Over 52% of the malls in Mumbai are vacant partly due to economic slowdown, poor designing, lack of robust revenue generation model and located in unattracted location, reveals the Associated Chamber of Commerce and Industry of India (Assocham) recent survey.
As per the estimates, the total rate of vacancy in malls in Delhi-NCR is 55%, while in Mumbai it is 52% followed by Ahmedabad (51%), Chennai (50%), Hyderabad (48%), Bangalore (45%). The position in the nearby town of these locations is much disturbing.
Assocham conducted a random survey of all the shopping malls in Delhi-NCR, Mumbai, Kolkata, Bangalore, Hyderabad, Ahmedabad, Pune, Dehradun, Chennai between October and December 2012. The survey found that many upcoming malls have significantly been delayed and withdrawn due to lukewarm response from retailers.
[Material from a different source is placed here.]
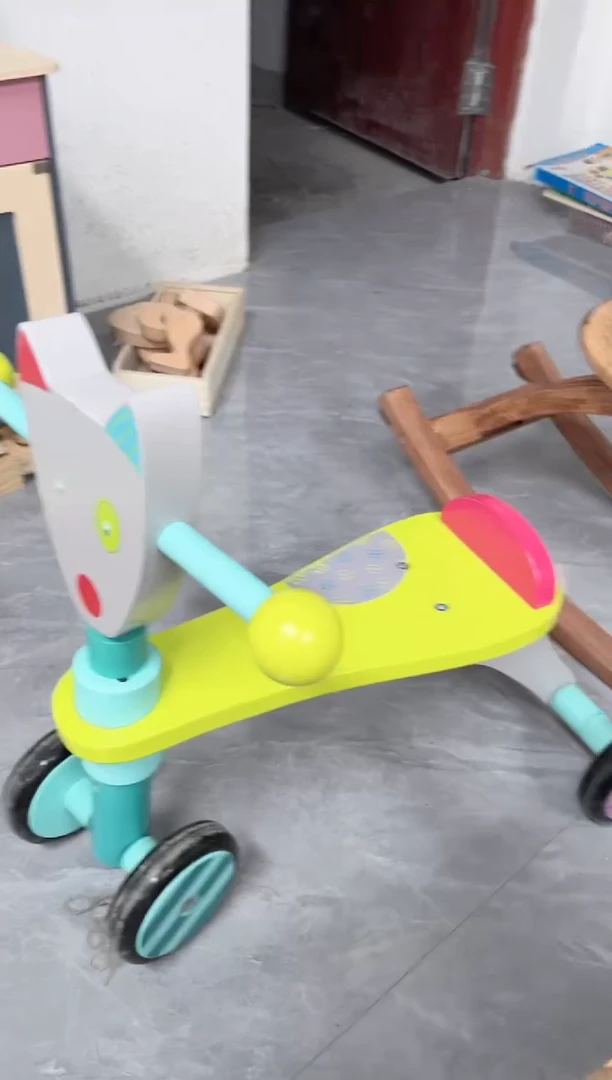 木绿色溜溜车000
They will also face manifold hike in construction cost.
Commenting on the malls scenario, Assocham Secretary General DS Rawat said: "Vacancy levels are due to poor location, poor design and poor parking facilities while some are operating at 60% occupancy others are struggling at less than 20% occupancy. The occupiers are finding difficult to manage economically."
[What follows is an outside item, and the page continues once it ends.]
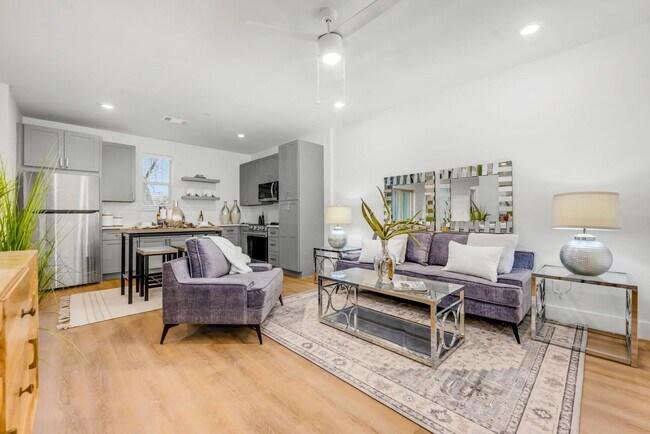 Foto del edificio - 5313 Reiger Ave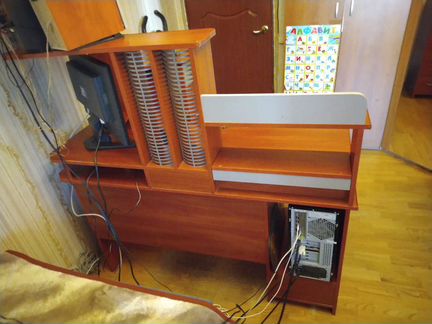 Компьютерный стол угловой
The survey also highlighted some of the challenges the industry is facing, which include inadequate infrastructure, unavailability of retail space, multiple taxes, lack of clarity in policies and shortage of experts in areas such as supply chain and store management. Now, they are shifting from lease/rentals models to revenue sharing models and this is encouraging large number of branding showrooms to open shops in malls.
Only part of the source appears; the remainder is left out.